The artist’s UBS commission Mimimomo Pool (2026) is a large circular waterless pool marked by a bright neon sign, bejeweled with blue, purple, and silver mosaic tiles, and with massage devices on its walls. The title is onomatopoeic Cantonese slang, which means to dillydally and the work offers busy fairgoers a chance to slow down, restore their bodies, and perhaps strike up a conversation with others sharing the pool. While participants presumably won’t be shedding their clothes, the bustling art fair setting sounds like fertile territory for exploring Chan’s interest in ‘the abrupt contrast of publicness and privacy.’
Similarly, his solo exhibition at Oi!, ‘Jeremy’s Bathhouse’, humorously stages an inviting space – a heart-shaped bathhouse installation fitted with pink-purple glass and curving tiles made in Jingdezhen, the ceramics capital of China – to find connection for its titular character, a snail. Jeremy needs help, you see. His shell has a rare 1 in 40,000 leftwards spiral, causing reversed reproductive organs and difficulty in finding a mate. Jeremy’s plight taps into the rich history of swim spots as sites of erotic potential, especially for those outside the heteronormative. ‘Why do we make a space where we get to be naked in front of each other?’ Chan asks. ‘How does it shape the perception of our own body and sexuality? How does it make us relate to each other?’
A convivial spirit animates Chan’s commission for the Art Basel shop too: sun hats, T-shirts, hoodies, and bags, which continue ideas from his exhibition ‘LOVEGUARD’ at Gallery Exit in Hong Kong (2025). ‘I have always paid attention to lifeguards,’ he says. ‘It’s rare to have someone who’s paid for the singular purpose of taking care of your life.’ He wonders, ‘Can this role extend to our daily life and other relationships? Can we have “loveguards” who care for matters of the heart? Families, partners – many people can be “loveguards.”’ By naming this feeling and turning it into a logo for goods that can circulate, Chan hopes to prompt others to consider a community based on care.
Chan’s earliest works exploring his experiences in pools were drawings. He developed a mnemonic system to manually count the number of tiles in a pool while he was swimming, so he could faithfully reconstruct its three-dimensional schema in the two-dimensional plane of a drawing. The resulting works marry refreshing aqua blue with the rigor of grids and geometry – a comment perhaps, on the pool as a space of both new freedoms and rules.
Like the Lei Cheng Uk Swimming Pool that the artist first began frequenting, many public swim spots in Hong Kong were built alongside large housing projects in the 1960s–70s by the British colonial government. The architecture boasts a mix of functional utilitarianism and tropical modernism, while surfaces are painted in the iconic pastel colors that give Hong Kong’s urban neighborhoods their unique look. For Chan, these spaces signify both a vital character and nostalgic memory of a city that is in flux and going through generational changes. This interest in collective identity can be seen in Chan’s series of early drawings of Hong Kong school uniforms alongside the artist’s colorful collection of secondary school uniforms, at CHAT’s presentation at the fair.

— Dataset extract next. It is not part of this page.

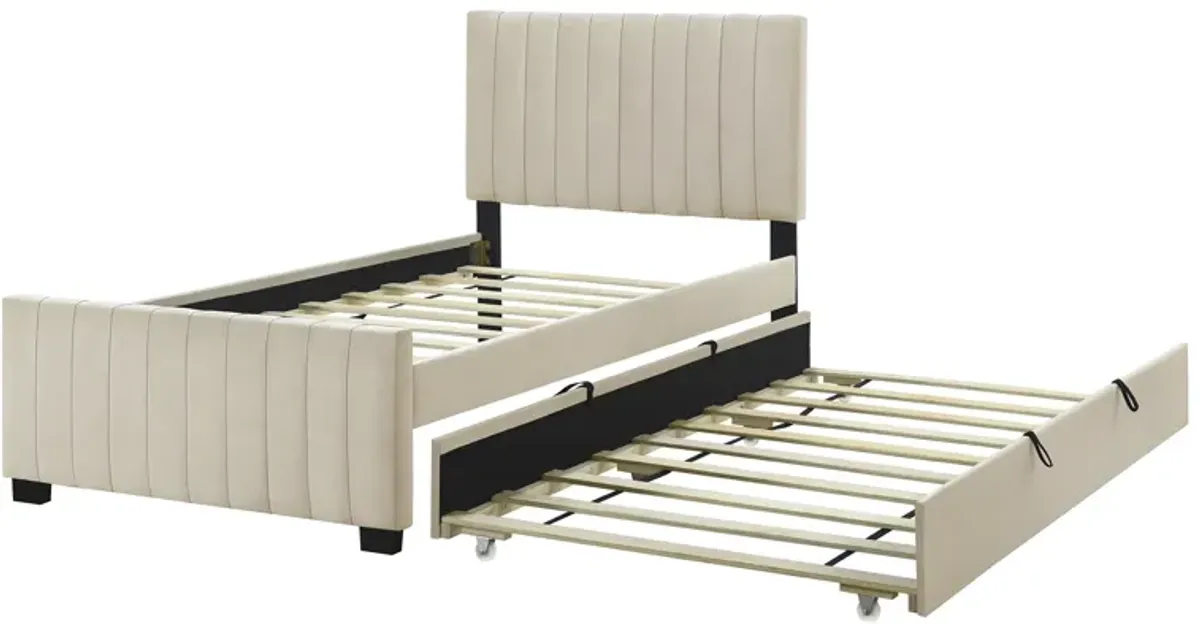 Merax Modern Upholstered Platform Bed with Trundle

Chan has also taken his swimming pool rituals across the world through residencies and trips to New York, Budapest, Turkey, Japan, Thailand, and more, on forays into the unknown, where social codes come to the fore. ‘Understanding local rules and context can come as a culture shock,’ Chan says. ‘At public pools in New York visitors are refused entry if they don’t bring their own padlock to secure their belongings. Pools in Berlin meanwhile were strict about photography, and I almost got kicked out by staff who saw me taking pictures of empty pool interiors for my research. The public pools in Turkey are highly gendered spaces.’
For an early installation exploring the pool as a microcosm of social systems, The Lonesome Changing Room (2021), Chan hired actors to loiter absentmindedly in tank tops and shorts, flex their bodies, or stare at their phones, looking for online connection perhaps, while ignoring real world possibilities close at hand. This work exposes the performativity in changing rooms and public pools, testing our personal boundaries and inhibitions. ‘Sometimes you make eye contact with someone but are too shy to hold their gaze,’ says Chan. ‘There is a distinct tension between the very human, naked, bodily, and subjective sensation, and the very abstract, emptied, rational, calm architectural space.’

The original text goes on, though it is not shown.